Today I had a schoolmate who opted for early retirement (ASP) from the Royal Malaysian Police force to join the United Nations visit me. My wife, daughter, and I sat in awe listening to his stories while abroad trying to enable the delivery of the UN’s mandate and the delivery of development & humanitarian aid serving in high-risk environments such as Cambodia, Kosovo, Sudan, Pakistan, Afghanistan, and Somalia.
Besides the numerous misses to his life and sicknesses, he made it through, to tell his tale. And I thought I had stories to tell. My stories pale before his and I told him that the only reason he was alive to tell his story is because of the numerous guardian angels safeguarding him from dangers way. How else could he have survived I asked myself. He too was grateful to the divine for standing by him. He opted to leave the local police force to join the United Nations because he wanted to educate his three children with the best education. If I knew of a father who was my colleague in the office back then take the bus to and fro traveling some 214kms daily so that he could send his son to tuition each night, this police officer dad placed his life in God’s hand and faced numerous risks to achieve his intended objective. I feel small before them.
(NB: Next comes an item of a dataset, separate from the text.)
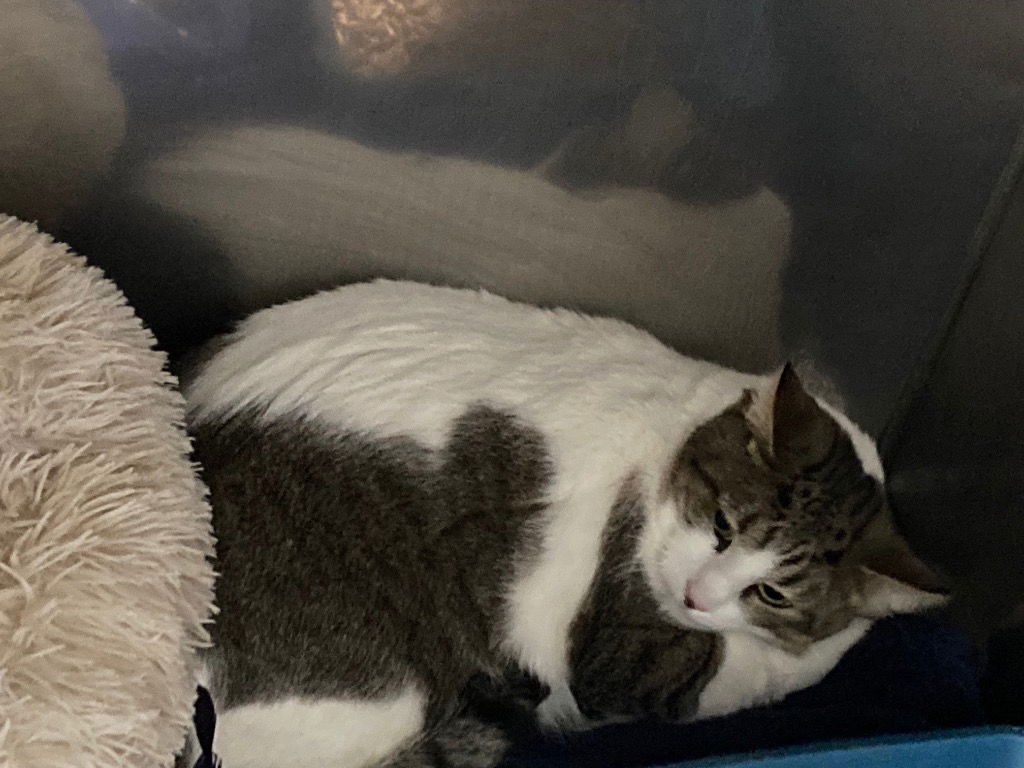 RIKKU - Domestic Short Hair available for adoption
There are many similar parents who make sacrifices for their children. It is my hope that these children do not desert them in their old age. The coming of old age is something that saddens us as our mobility becomes limited, and our senses lose their abilities too. Memory fails us too. Many sit and while their time waiting for death. But the Siddhas say that death can be avoided by transforming the physical body and its gross nature back into the subtle form from whence it arose once upon a time. But we have yet to see this happen or take place before our eyes. Even the masters tend to leave behind their mortal frame in samadhis created for them. Rare is it to find someone like Ramalinga Adigal who never left any trace of his physical body telling us that he had recycled it back into nature. When my mother passed away recently at the ripe age of 95, the priests who conducted the rituals right from the beginning, mentioned during the last ceremony we conducted at the riverside that my mother was not dead but was in the water that gushed passed us, in the soil of the riverbank where we stood on, in the morning breeze that brushed our faces and the air that we inhaled, in the heat of the morning sun that peeked over the skies, and in the very space that we stood in. My mother was one with nature. She had returned home to reassemble another form and take rebirth again. We too shall come back to take another shot at attempting to break the chain or cycle of death and rebirth. As Supramania Swami and Tavayogi told me we shall keep trying till we succeed. One day the divine shall mellow down and lift us up seeing the numerous attempts we placed.
Divine grace is essentially in sailing this river of life, across the rapids and currents. Divine grace is essential in sheltering us from the storm that threatens to wreck our lives. Divine grace is essential to protect us from the scorching heat of the fire that could burn the house down. Divine grace is essential to protect us from the avalanche or landslides that could sweep us of the very terrain that we claim as home. Divine grace is essential to protect us from suffocating inhaling the very air that keeps us alive.
The Siddhas drop us a line that if we hold on tight enough and begin to climb shall bring us ashore to the promised land. In taking a human birth half the battle is won. Next, we have to train our guns on the goal. With their grace, we shall see results.